# Work order:
Set the records down again. Match every line exactly.

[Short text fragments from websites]

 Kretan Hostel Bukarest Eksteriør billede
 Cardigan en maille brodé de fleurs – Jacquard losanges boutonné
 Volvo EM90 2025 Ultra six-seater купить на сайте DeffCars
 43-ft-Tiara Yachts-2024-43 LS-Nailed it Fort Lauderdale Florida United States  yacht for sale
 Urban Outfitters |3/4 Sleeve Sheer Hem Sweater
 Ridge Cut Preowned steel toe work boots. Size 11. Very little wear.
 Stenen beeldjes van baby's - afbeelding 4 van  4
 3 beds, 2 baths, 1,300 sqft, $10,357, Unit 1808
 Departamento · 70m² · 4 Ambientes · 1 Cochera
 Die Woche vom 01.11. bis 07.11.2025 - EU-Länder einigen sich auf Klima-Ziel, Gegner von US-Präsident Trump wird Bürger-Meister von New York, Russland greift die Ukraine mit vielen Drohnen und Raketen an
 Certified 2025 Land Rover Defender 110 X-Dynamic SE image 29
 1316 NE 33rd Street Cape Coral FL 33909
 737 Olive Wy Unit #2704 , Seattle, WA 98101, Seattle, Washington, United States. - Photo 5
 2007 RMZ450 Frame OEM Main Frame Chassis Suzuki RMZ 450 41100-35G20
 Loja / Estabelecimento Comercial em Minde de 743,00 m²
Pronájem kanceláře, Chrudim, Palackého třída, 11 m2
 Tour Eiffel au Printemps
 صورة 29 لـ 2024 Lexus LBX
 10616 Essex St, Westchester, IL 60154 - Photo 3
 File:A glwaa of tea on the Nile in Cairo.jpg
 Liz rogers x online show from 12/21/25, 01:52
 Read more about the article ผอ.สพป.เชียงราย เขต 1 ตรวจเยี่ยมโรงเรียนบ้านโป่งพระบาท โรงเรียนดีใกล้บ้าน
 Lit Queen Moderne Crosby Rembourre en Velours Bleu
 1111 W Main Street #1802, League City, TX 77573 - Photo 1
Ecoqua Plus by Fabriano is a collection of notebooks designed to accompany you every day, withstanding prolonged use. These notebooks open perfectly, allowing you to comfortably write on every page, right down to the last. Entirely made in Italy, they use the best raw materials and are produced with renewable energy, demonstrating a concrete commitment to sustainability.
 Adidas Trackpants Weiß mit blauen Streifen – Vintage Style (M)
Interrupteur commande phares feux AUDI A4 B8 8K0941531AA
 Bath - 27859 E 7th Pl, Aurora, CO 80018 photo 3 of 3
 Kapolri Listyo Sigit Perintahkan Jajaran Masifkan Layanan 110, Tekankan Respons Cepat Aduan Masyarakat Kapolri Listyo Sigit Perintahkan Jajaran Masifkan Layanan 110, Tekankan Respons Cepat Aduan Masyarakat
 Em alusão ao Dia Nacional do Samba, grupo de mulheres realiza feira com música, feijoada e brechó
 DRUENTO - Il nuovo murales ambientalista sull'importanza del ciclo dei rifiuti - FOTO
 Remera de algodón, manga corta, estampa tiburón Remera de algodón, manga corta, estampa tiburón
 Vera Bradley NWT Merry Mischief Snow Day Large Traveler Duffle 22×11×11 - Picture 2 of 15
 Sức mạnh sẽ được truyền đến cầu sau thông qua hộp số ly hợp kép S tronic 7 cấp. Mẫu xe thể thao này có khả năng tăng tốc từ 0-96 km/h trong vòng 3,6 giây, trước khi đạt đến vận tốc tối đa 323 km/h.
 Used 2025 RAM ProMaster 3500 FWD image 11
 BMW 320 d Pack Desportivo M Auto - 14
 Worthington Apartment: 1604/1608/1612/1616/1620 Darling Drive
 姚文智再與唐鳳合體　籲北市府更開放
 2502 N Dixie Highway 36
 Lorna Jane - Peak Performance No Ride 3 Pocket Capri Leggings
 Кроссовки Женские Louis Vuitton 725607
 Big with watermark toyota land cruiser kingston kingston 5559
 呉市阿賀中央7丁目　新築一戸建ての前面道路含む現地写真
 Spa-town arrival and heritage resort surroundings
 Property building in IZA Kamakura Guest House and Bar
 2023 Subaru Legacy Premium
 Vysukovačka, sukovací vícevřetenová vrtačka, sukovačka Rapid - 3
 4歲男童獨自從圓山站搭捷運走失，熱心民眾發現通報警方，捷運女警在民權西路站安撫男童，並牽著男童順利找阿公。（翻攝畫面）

# Exercise solution:
 Kretan Hostel Bukarest Eksteriør billede
 Cardigan en maille brodé de fleurs – Jacquard losanges boutonné
 Volvo EM90 2025 Ultra six-seater купить на сайте DeffCars
 43-ft-Tiara Yachts-2024-43 LS-Nailed it Fort Lauderdale Florida United States  yacht for sale
 Urban Outfitters |3/4 Sleeve Sheer Hem Sweater
 Ridge Cut Preowned steel toe work boots. Size 11. Very little wear.
 Stenen beeldjes van baby's - afbeelding 4 van  4
 3 beds, 2 baths, 1,300 sqft, $10,357, Unit 1808
 Departamento · 70m² · 4 Ambientes · 1 Cochera
 Die Woche vom 01.11. bis 07.11.2025 - EU-Länder einigen sich auf Klima-Ziel, Gegner von US-Präsident Trump wird Bürger-Meister von New York, Russland greift die Ukraine mit vielen Drohnen und Raketen an
 Certified 2025 Land Rover Defender 110 X-Dynamic SE image 29
 1316 NE 33rd Street Cape Coral FL 33909
 737 Olive Wy Unit #2704 , Seattle, WA 98101, Seattle, Washington, United States. - Photo 5
 2007 RMZ450 Frame OEM Main Frame Chassis Suzuki RMZ 450 41100-35G20
 Loja / Estabelecimento Comercial em Minde de 743,00 m²
Pronájem kanceláře, Chrudim, Palackého třída, 11 m2
 Tour Eiffel au Printemps
 صورة 29 لـ 2024 Lexus LBX
 10616 Essex St, Westchester, IL 60154 - Photo 3
 File:A glwaa of tea on the Nile in Cairo.jpg
 Liz rogers x online show from 12/21/25, 01:52
 Read more about the article ผอ.สพป.เชียงราย เขต 1 ตรวจเยี่ยมโรงเรียนบ้านโป่งพระบาท โรงเรียนดีใกล้บ้าน
 Lit Queen Moderne Crosby Rembourre en Velours Bleu
 1111 W Main Street #1802, League City, TX 77573 - Photo 1
Ecoqua Plus by Fabriano is a collection of notebooks designed to accompany you every day, withstanding prolonged use. These notebooks open perfectly, allowing you to comfortably write on every page, right down to the last. Entirely made in Italy, they use the best raw materials and are produced with renewable energy, demonstrating a concrete commitment to sustainability.
 Adidas Trackpants Weiß mit blauen Streifen – Vintage Style (M)
Interrupteur commande phares feux AUDI A4 B8 8K0941531AA
 Bath - 27859 E 7th Pl, Aurora, CO 80018 photo 3 of 3
 Kapolri Listyo Sigit Perintahkan Jajaran Masifkan Layanan 110, Tekankan Respons Cepat Aduan Masyarakat Kapolri Listyo Sigit Perintahkan Jajaran Masifkan Layanan 110, Tekankan Respons Cepat Aduan Masyarakat
 Em alusão ao Dia Nacional do Samba, grupo de mulheres realiza feira com música, feijoada e brechó
 DRUENTO - Il nuovo murales ambientalista sull'importanza del ciclo dei rifiuti - FOTO
 Remera de algodón, manga corta, estampa tiburón Remera de algodón, manga corta, estampa tiburón
 Vera Bradley NWT Merry Mischief Snow Day Large Traveler Duffle 22×11×11 - Picture 2 of 15
 Sức mạnh sẽ được truyền đến cầu sau thông qua hộp số ly hợp kép S tronic 7 cấp. Mẫu xe thể thao này có khả năng tăng tốc từ 0-96 km/h trong vòng 3,6 giây, trước khi đạt đến vận tốc tối đa 323 km/h.
 Used 2025 RAM ProMaster 3500 FWD image 11
 BMW 320 d Pack Desportivo M Auto - 14
 Worthington Apartment: 1604/1608/1612/1616/1620 Darling Drive
 姚文智再與唐鳳合體　籲北市府更開放
 2502 N Dixie Highway 36
 Lorna Jane - Peak Performance No Ride 3 Pocket Capri Leggings
 Кроссовки Женские Louis Vuitton 725607
 Big with watermark toyota land cruiser kingston kingston 5559
 呉市阿賀中央7丁目　新築一戸建ての前面道路含む現地写真
 Spa-town arrival and heritage resort surroundings
 Property building in IZA Kamakura Guest House and Bar
 2023 Subaru Legacy Premium
 Vysukovačka, sukovací vícevřetenová vrtačka, sukovačka Rapid - 3
 4歲男童獨自從圓山站搭捷運走失，熱心民眾發現通報警方，捷運女警在民權西路站安撫男童，並牽著男童順利找阿公。（翻攝畫面）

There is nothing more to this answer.